At its National Conference in December 2018, the ALP committed to:

  • Consolidate federal anti-discrimination laws into a single Act to remove unnecessary regulatory overlap and make the system more user-friendly;
  • Review legislation, policies and practices for compliance with the seven core UN Human Rights treaties to which Australia is a party (which are listed in the framework); and
  • Review the Human Rights Framework and consider whether it could be enhanced through a federal statutory charter of human rights or other similar instrument.

Greens

Senator Nick McKim, Australian Greens Spokesperson Attorney-General

Greens published policy:

The Greens support a federal Charter of Human Rights that protects economic, employment, civil, cultural and environmental rights.

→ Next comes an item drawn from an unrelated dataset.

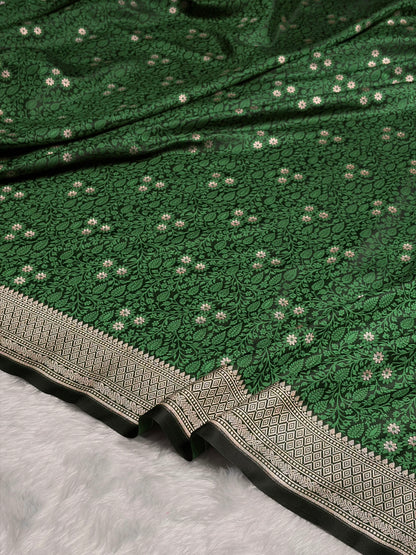 Bottle Green Shades Tanchoi Motif Mashru Silk Saree MST-12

Access to justice — class action proceedings

Do you agree that statutes regulating the legal profession should permit solicitors to enter into ‘percentage-based fee agreements’ to promote access to justice?

Party Response

Coalition

The Hon Christian Porter MP, Attorney-General

Response from Department on behalf of AG:

The Australian Government has entered the caretaker period until the outcome of the upcoming federal election is known. The questions you have raised are all issues of policy for a returned or incoming government. It would therefore be inappropriate to comment on them.

ALP

The Hon Mark Dreyfus QC, MP, Shadow Attorney-General

No response.

Greens

Senator Nick McKim, Australian Greens Spokesperson Attorney-General

No response.

Access to justice — funding for community legal centres

Will you commit to additional funding of $120 million per year (as recommended by the Productivity Commission) for legal aid and community legal centres to enable improved access to justice for disadvantaged people in Australia?

Party Response

Coalition

The Hon Christian Porter MP, Attorney-General

Response from Department on behalf of AG:

The Australian Government has entered the caretaker period until the outcome of the upcoming federal election is known. The questions you have raised are all issues of policy for a returned or incoming government. It would therefore be inappropriate to comment on them.

Response to questions from Lawyers Weekly:

The AG emphasised the legal assistance package as announced in the 2019 budget as the basis of the government’s ongoing support of the legal assistance sector. It includes $918.4 million over four years for legal assistance to be delivered by LACs, CLCs and ATSILS. From 1 July 2020, combined with existing funding, the government will provide $1.2 billion over three years for legal assistance services to deliver front-line services to disadvantaged Australians.

ALP

The Hon Mark Dreyfus QC, MP, Shadow Attorney-General

Response to questions from Lawyers Weekly:

Restore $14 million of funding to Environmental Defenders Offices nationally.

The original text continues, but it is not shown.